- - Thursday, April 14, 2016


Tax Day arrives a little late this year, giving Americans a three-day reprieve from the annual pain of sending the U.S. Treasury an arm and a leg, without gift-wrapping. The day of dread is April 18, owing to the District of Columbia’s Emancipation Day, falling on April 16, a Saturday, entitling D.C.’s federal workers to take a three-day weekend. A short extension from the usual April 15 deadline hardly soothes the pain. Taxpayers have no choice but to long for an emancipation day when the nation returns to the fiscal restraint their forebears demanded.

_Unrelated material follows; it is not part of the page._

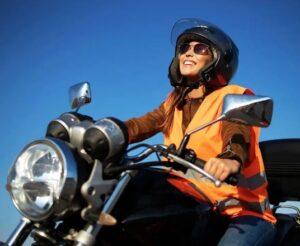 ۱۰ موتور محبوب بانوان ایرانی با رانندگی آسان و ایمن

Tax Freedom Day, on the other hand, arrives this year on April 24. That’s the 114th day of 2016, when the taxpayer has earned enough and paid enough to satisfy his combined tax bill for another year, according to the calculations of the nonpartisan Tax Foundation. Americans from coast to coast owe $3.3 trillion in federal taxes and $1.6 trillion in state and local taxes, bringing their total invoice to almost $5 trillion. A trillion here and a trillion there and pretty soon we’re talking about real money. That’s more than Americans will spend on housing, food and clothing combined. The U.S. Treasury collected nearly $1.5 trillion in inflation-adjusted revenue during the past six months, a record.

There’s the option of living in a low-tax jurisdiction. Tax Freedom Day has come and gone in Mississippi, Tennessee and Alabama, enabling residents to pocket their paychecks for the rest of the year. It’s the tax traps in the east that punish harshest. New Yorkers will work for the tax collector for another month, and Connecticut residents will struggle in hock to the tax man until May 21.

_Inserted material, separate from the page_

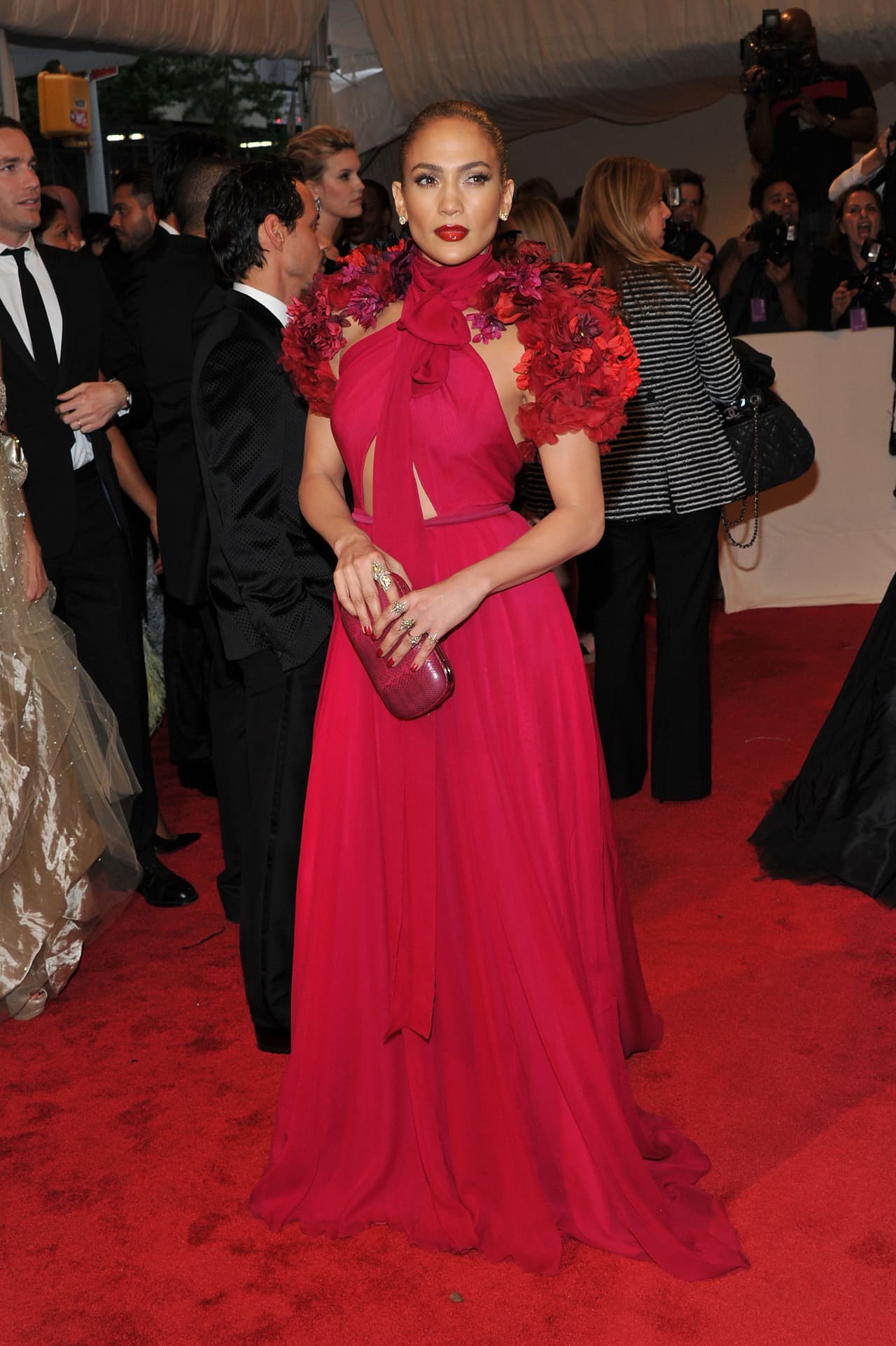 En 2011, Jennifer optó por un vestido color rosa magenta de Gucci, el cual en los hombros tenía flores, para asistir a la prestigiosa cena.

Today’s levels of taxation would have been considered a form of servitude by the early Americans. In the days before the Revolution the New Englanders paid only 1 to 2 percent of their income to the British crown, but that was enough to send them to Boston Harbor for a tea party. The 16th Amendment, which bequeathed the federal income tax in 1913, at first required taxpayers to pay only 1 percent of their annual earnings up to $20,000. The sum at risk today is more than $460,000, and a taxpayer earning that is taxed at the top rate of 39.6 percent.

There’s hope for relief, though, if voters choose wisely in November. Each of the remaining Republican candidates offers something for the tax-oppressed. Donald Trump proposes consolidating the current seven tax brackets to four, topping out at 25 percent for ordinary income. Ted Cruz prescribes a flat rate of 10 percent, and John Kasich would establish three brackets with the highest earners paying 25 percent. All three schemes would enable taxpayers to keep more of what is rightly theirs.

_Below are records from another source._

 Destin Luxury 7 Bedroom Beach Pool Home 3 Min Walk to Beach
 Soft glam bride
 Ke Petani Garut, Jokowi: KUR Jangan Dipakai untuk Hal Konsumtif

Hillary Clinton and Bernie Sanders both propose tax reforms that advance the collectivist philosophy much favored by President Obama. Mrs. Clinton would maintain the current tax brackets, but enact a 4 percent surcharge on the wealthy, and Mr. Sanders, in keeping with his unabashed socialist dreams, wants to raise each of the existing percentages of what the government takes by 2.2 percent, pushing the top rate to a stunning 52 percent.

Tax Freedom Day is a moving goal and the taxpayer is the moving target. The government has many marksmen, and they all take good aim. Taxpayer, beware.